EARTHSHAKER - MIDNIGHT FLIGHT

chronique - 28.03.2012 07:00

Dans le cadre des chroniques de groupes classiques, comment ne pas parler d'EARTHSHAKER, fleuron de l’industrie rock and roll japonaise des années 80 ?

Formé en 1978, EARTHSHAKER s’est vite imposé comme l’un des piliers du heavy metal nippon et ce même en dehors des frontières japonaises. Cette renommée aidant, le groupe sort son premier album : EARTHSHAKER, encadré par des participations populaires comme celle d'Adrian Smith (guitariste d'Iron Maiden) sur le morceau Dark Angels (Animals). MIDNIGHT FLIGHT, le deuxième et le plus abouti de ses albums, naît en 1984, après deux ans de tournées.
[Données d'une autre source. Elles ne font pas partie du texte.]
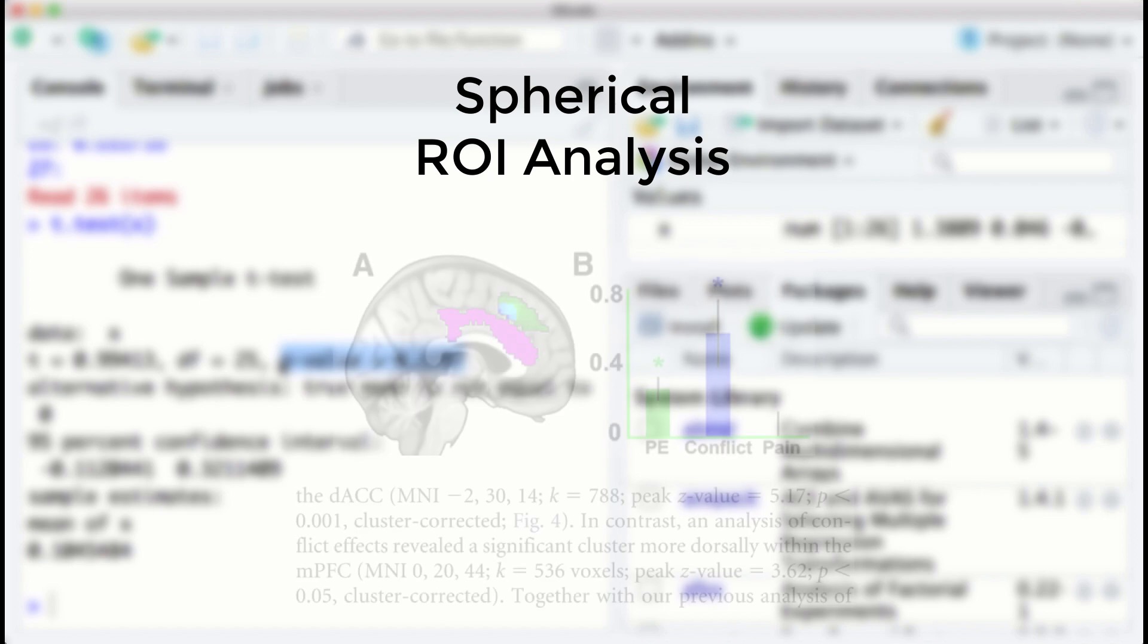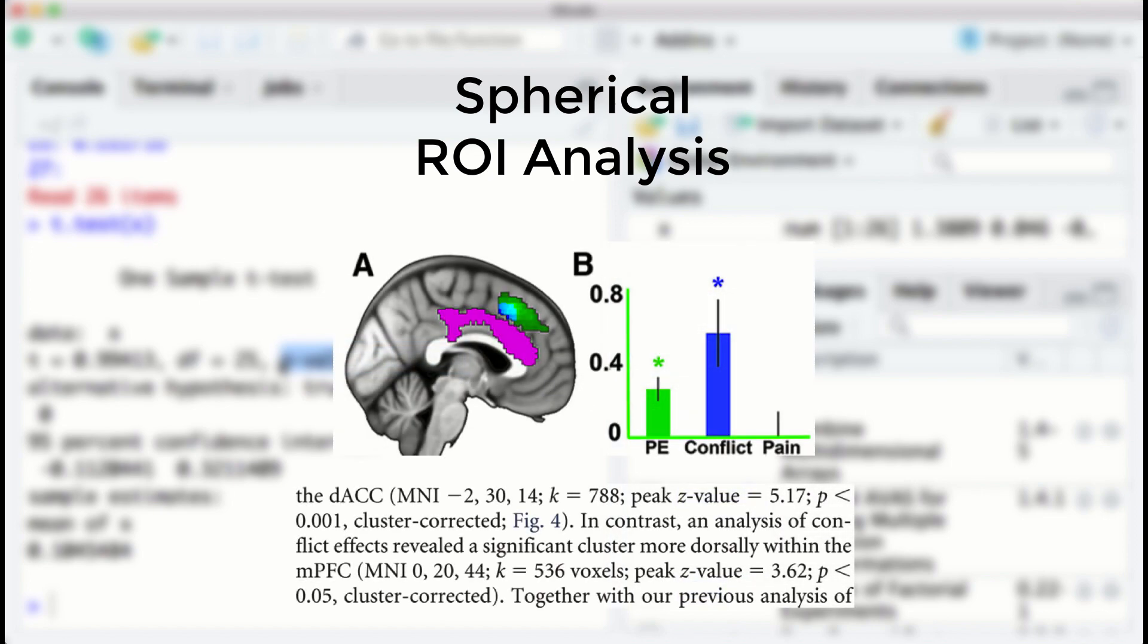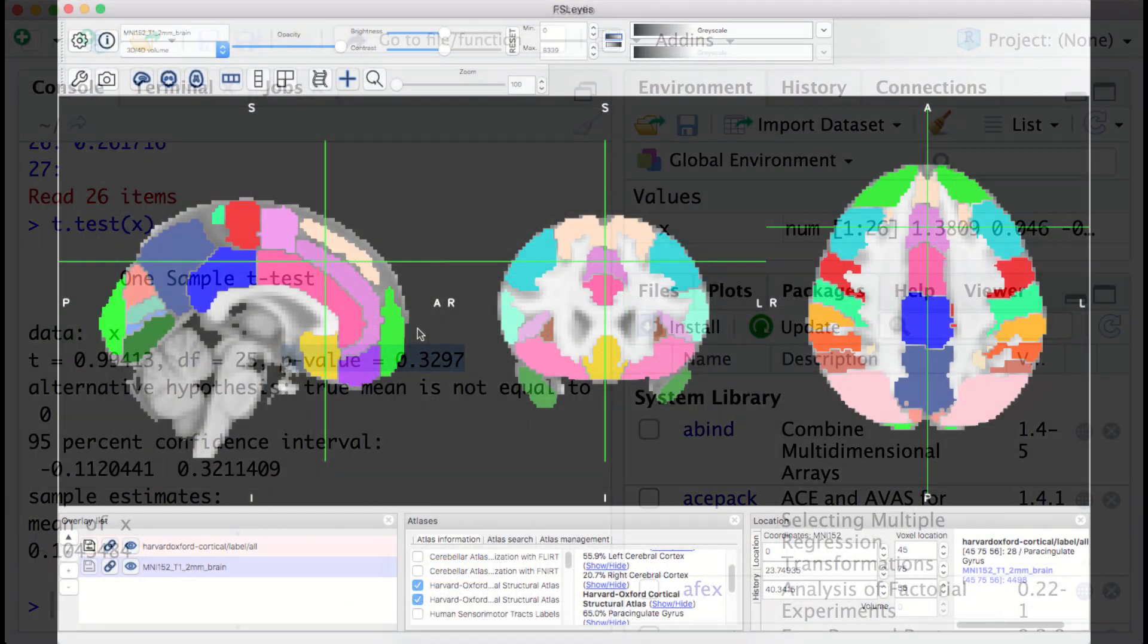For example, let's say that we read a paper examining cognitive control effects and that they reported a peak activation at the MNI coordinates 0, 22, 40. Now, the procedure in FSL for creating a sphere from these coordinates is a little weird, but stay with me.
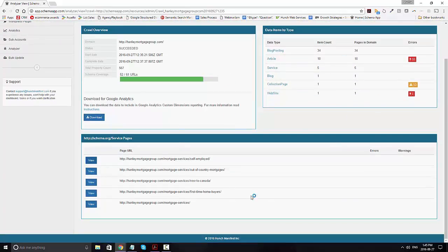This is how you use the Structured Data Analyzer in order to do health checks, as well as to use it for competitive crawls to understand what markup is on a site. It'll discover both JSON-LD and microdata on the website, not just from Schema App, but from any markup manually or plugin added.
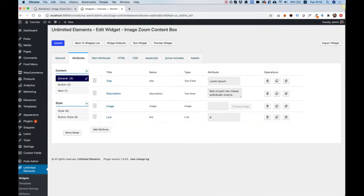Click on that one. So now you can see that in general, instead of five attributes, we have just four attributes. And the new attribute has moved to the new attribute section.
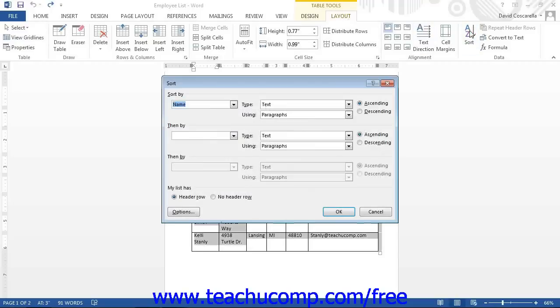This will open up the Sort dialog box. This dialog box is used to sort the table information.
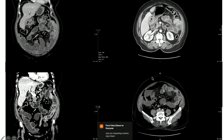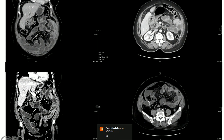This is a similar case — another patient. This is the fistula and this is the dropped stone.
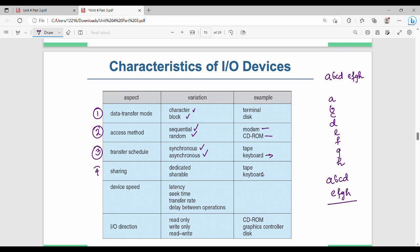Next is sharing — devices can be dedicated or shareable. A shareable example is the keyboard; a dedicated example is tape. Then there is device speed, which varies — latency is low, seek time is low, and transfer rate is high for high-speed devices.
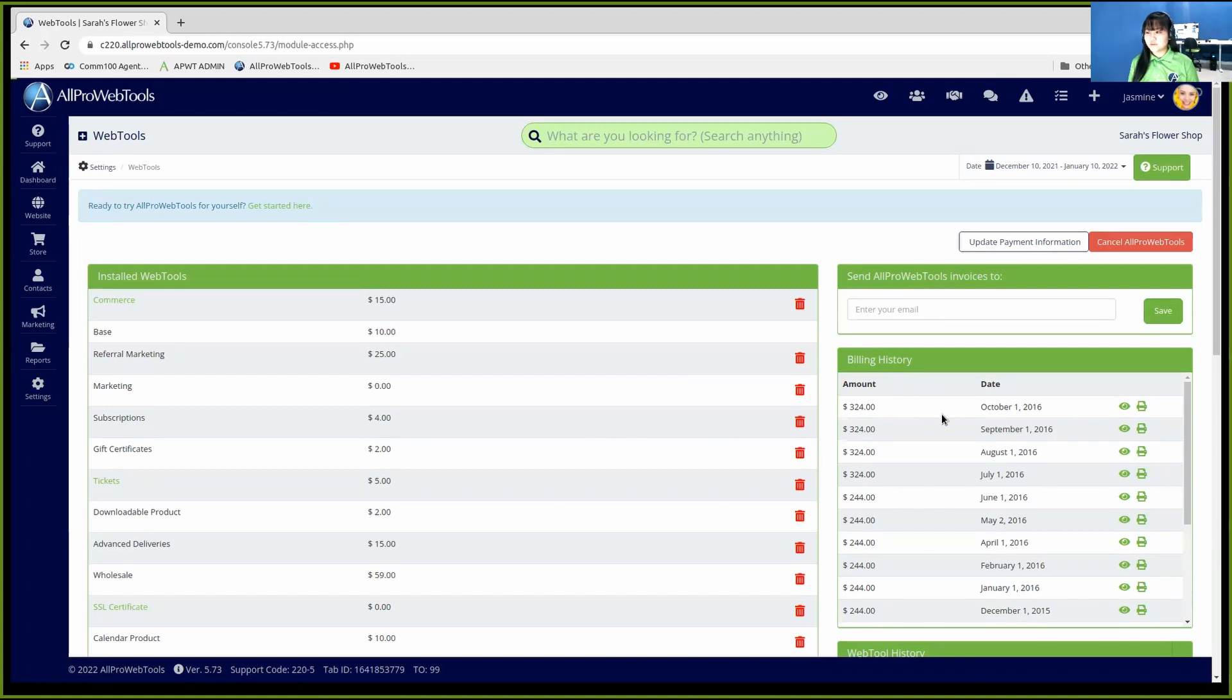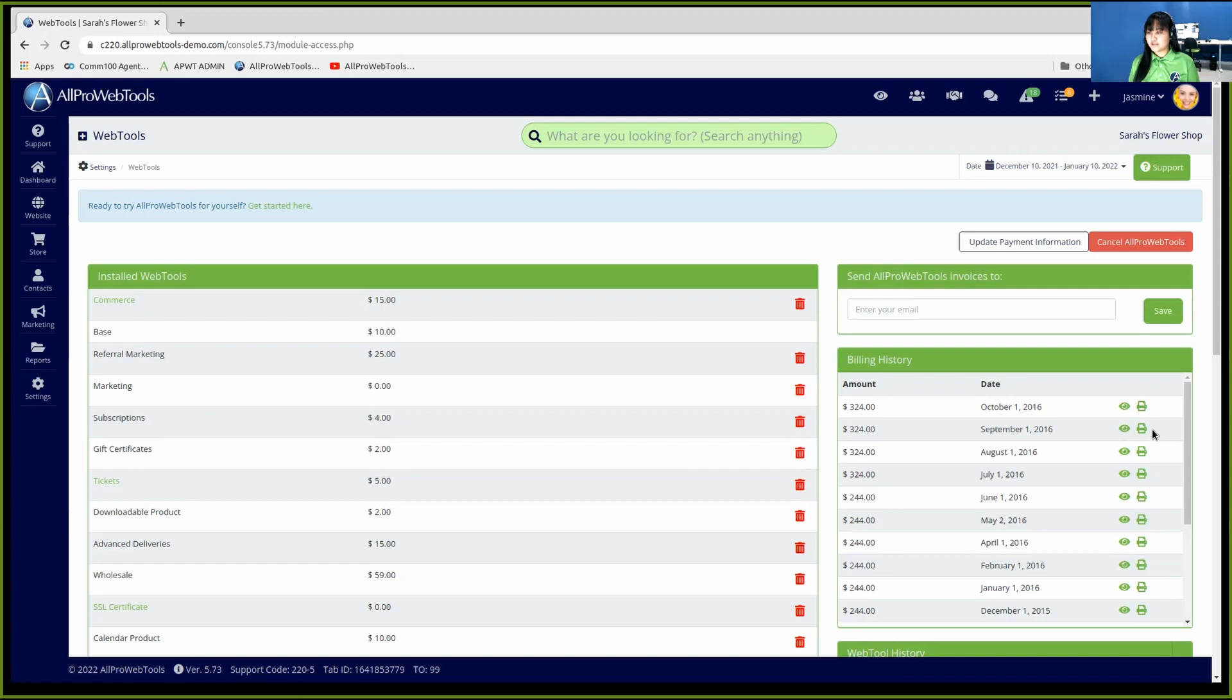Simply choose which invoice you want to see by the date. Then click on the green eyeball to see the invoice or click on the print icon to print out your invoices.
Belle entrée en matière avec les guitares hurlantes de T-O-K-Y-O et la voix tantôt langoureuse, tantôt un peu forcée de Marcy qui se mêle aux mélodies simples, presque naïves. Le groupe y impose son style, entre un bon vrai heavy et des passages plus monotones.
En effet, bien que très bien construit, l’album peine à démarrer, de la chanson éponyme, au lent FAMILY jusqu'à Zawameku toki e to. Autant de bonnes compositions, agréables et entraînantes, mais qui tendent à l’épuisement et à la lassitude au bout de quelques écoutes.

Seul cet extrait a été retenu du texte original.